Appalachian Mountain Brewery (AMB) has extended its strategic partnership with Craft Brew Alliance (CBA), entering into an alternating proprietorship agreement that will include increased production of the North Carolina-based company’s core beers at the larger company’s east coast brewery.
In an earnings release, AMB said it is “excited to be able to increase capacity significantly by leveraging excess capacity that CBA has in Portsmouth, N.H.”
Karmen Olson, CBA’s senior manager of emerging business, told Brewbound that the two companies began making trial batches of Long Leaf IPA and Boone Creek Blonde at the Redhook brewery in Portsmouth, NH about two months ago.
“We started on the 3-barrel system, doing some small one-off batches, and just scaled up for the first time about a month ago,” she said.
Today’s announcement marks the latest evolution of a relationship that officially began last December, when the two companies jointly announced the formation of a partnership aimed at “driving business growth and shareholder value through sharing resources in key strategic areas.”
In April, the two companies signed a master distributor agreement, which gave AMB access to CBA’s nationwide network of Anheuser-Busch wholesalers in exchange for a per-case distribution fee.
“I think things are developing really well,” said Spiegelman. “Signing the initial distribution agreement helped to make Boone more efficient by building out our capacity through CBA’s distribution channels and it has been a nice way for us to get to know each other.”
Olson said there was always a mutual understanding that the two companies would move towards shared brewing opportunities.
“This allows us to fill our capacity needs and get more AMB beer in the market,” she said.
The new alternating proprietorship arrangement will enable AMB to produce considerably larger batches of beer — the CBA facility in Portsmouth features a 100-barrel brewing system while AMB currently brews on a 10-barrel system, CEO Sean Spiegelman told Brewbound. The company produced just 800 barrels in 2014.
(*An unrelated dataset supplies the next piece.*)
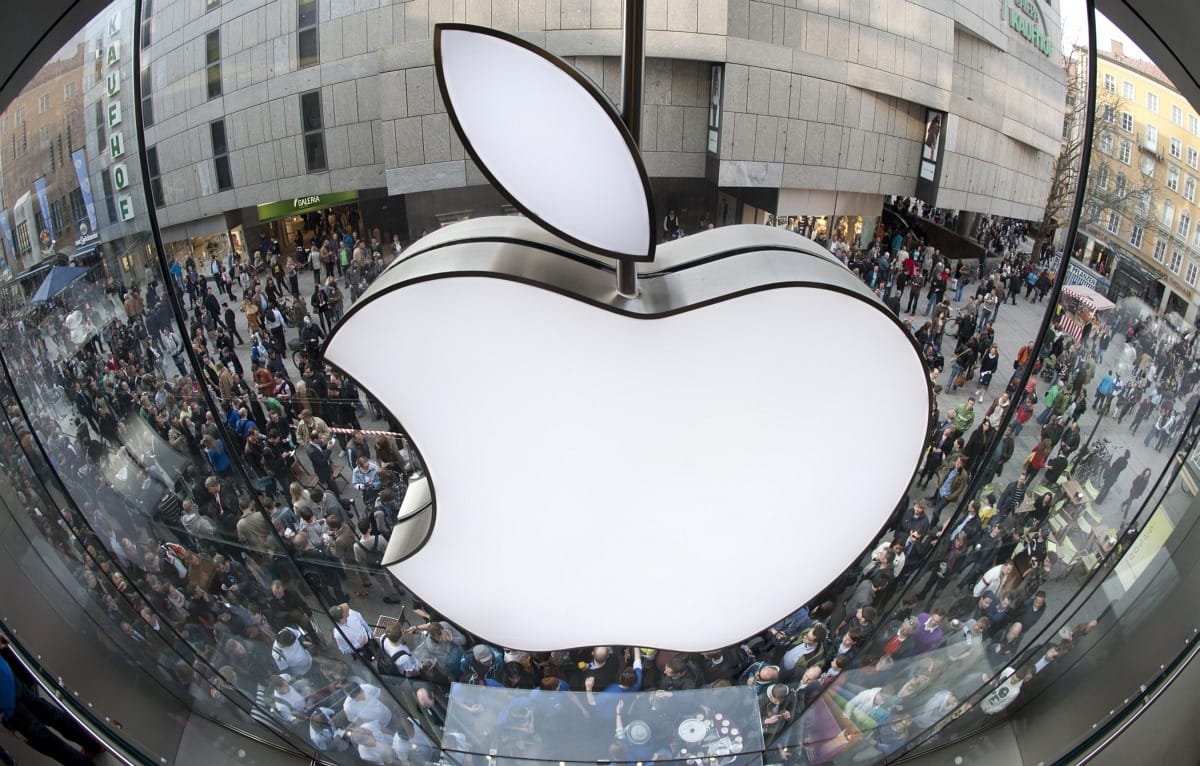 Teljes Apple-ráncfelvarrás várható jövőre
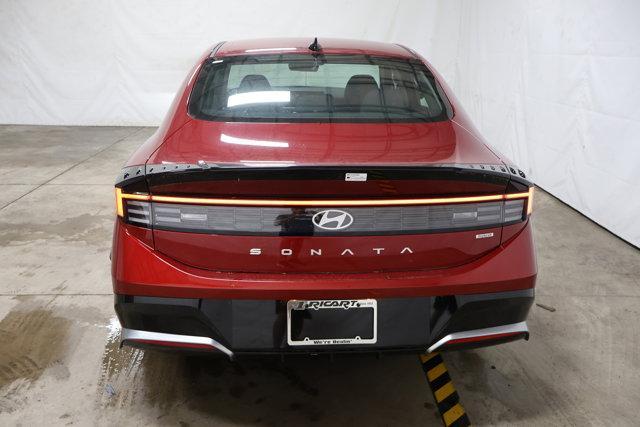 new 2025 Hyundai Sonata Hybrid car, priced at $31,549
“To have the opportunity to brew on a system that size has been really awesome,” said Spiegelman. “A lot of breweries don’t ever get the opportunity to make beer on a system that large.”
It also enables CBA to improve its “owned” capacity utilization, which dipped to 82 percent last quarter (compared to 87 percent utilization in the second quarter of 2014).
AMB is currently on pace to produce 5,000 barrels of beer out of Boone and will begin delivering 16 oz. cans and kegs of all core beers, produced at the Redhook brewery, by the end of the third quarter. The new brewing arrangement could add upwards of 2,500 barrels this year, Spiegelman said.
In the release, AMB also said its second quarter revenues increased by 60 percent, to $478,572.
And for those wondering, Spiegelman also confirmed that AMB has not sold equity in exchange for access to CBA’s distributor network or its breweries.